Zentrale Ergebnisse der Arbeit sind, dass die Anerkennung von Bildung für nachhaltige Entwicklung für alle Kinder nicht nur möglich, sondern vor allen Dingen nötig ist. Darüber hinaus wird ein Vorschlag erarbeitet, wie BNE mehr im Fokus des Erfahrungslernens und weniger als Kompetenzorientierung gedacht werden kann. Für den benannten Perspektivwechsel von der Kompetenzorientierung weg, hin zum Erfahrungslernen, aber auch allgemein für inklusive frühkindliche Bildungsprozesse wird in der Arbeit an unterschiedlichsten Punkten immer wieder die Bedeutung pädagogischer Fachkräfte herausgestellt. Diese tragen eine anspruchsvolle Aufgabe und große Verantwortung für inklusive und nachhaltige Bildungsprozesse.(2)
Dabei ist die Reflexionsfähigkeit ein zentrales Instrument zur Sicherung der Professionalisierung der Fachkräfte und damit auch zur Begleitung und Unterstützung der Bildungsprozesse bei den Kindern. Entgegen gesellschaftlicher Strukturen und Weiterentwicklungen (z.B. die Ausbildung subjektiver Bewältigungsstrategien für gesellschaftliche Probleme), ruft diese Arbeit dazu auf, die Vermittlung und das aktive Ausüben von Werten wie Solidarität, Gerechtigkeit und Empathie mit Kindern zu fokussieren. In dieser Hinsicht sollten Bildungsprogrammatiken erneut überdacht werden, so auch das Konzept der Gestaltungskompetenz (de Haan et al. 2008). Nicht nur im Bereich der BNE, als ferner im ganzen frühkindlichen Bildungsbereich wirft die vorherrschende Kompetenzorientierung viele Fragezeichen auf. Insbesondere auch in Bezug auf staatlich geforderte inklusive Veränderungen.(3) Insbesondere die frühkindliche Bildung hat die Möglichkeit Impulse des Umdenkens anzuregen, die ein Begreifen der Natur als Mitwelt ermöglicht und so zu einem Leben in einer zukunftsfähigen Gesellschaft beiträgt. Besonders die natürliche Mitwelt trägt ein hohes inklusives Bildungspotenzial mit sich.

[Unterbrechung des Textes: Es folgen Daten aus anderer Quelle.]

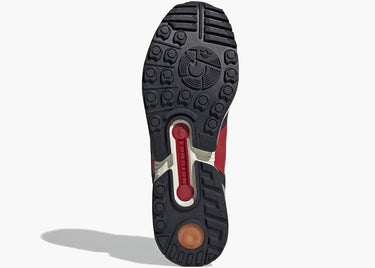 ADIDAS ZX 8500 MERCEDES AMG BLACK LUCID RED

1 Der Terminus Komplexe Behinderung entsteht auf der Grundlage eines verstehenden anthropologisch-phänomenologischen Zuganges zum Forschungsfeld. Es geht demnach also „nicht darum, zu verstehen was Behinderung ist, sondern um das, was Behinderung ausmacht, d.h. es geht um die Erfassung des ‚Wesens‘ von Behinderung“ (Fornefeld 2008, S. 66). Bei bisherigen Definitionen handelt es sich um Eigenschaftsbeschreibungen, die systembedingte Kontextfaktoren außer Acht lassen. In ihrer Heterogenität bildet der Personenkreis eine Einheit, die von denselben Ausschlusskriterien und Exklusionsmechanismen betroffen ist. Zu den Ausgeschlossenen gehören Menschen mit geistiger Behinderung und - herausforderndem Verhalten, psychischen Störungen, schwerer Behinderung, Multimorbidität, ohne Verbalsprache, Migrationshintergrund, Suchtverhalten, Autismus etc. Bei dieser ausschnittsweisen Auflistung lässt sich erahnen wie unterschiedlich die Bedürfnisse dieser Menschen sind. Gemeinsam ist ihnen jedoch der Stand am Rande der Gesellschaft, vergleichbare Gefährdungen der Lebensqualität und der Anspruch auf Unterstützung (vgl. ebd., S. 57f.)
2 Der Zusammenhang von inklusiven und nachhaltigen Bildungsprozessen wird insbesondere als gegenseitiges wie charakterisiert (siehe 2.4 und 2.5).
3 Hier fällt unter anderem das SDG 4 rein, aber auch gesetzliche Verankerungen, wie z.B. in der UN-Behindertenrechtskonvention.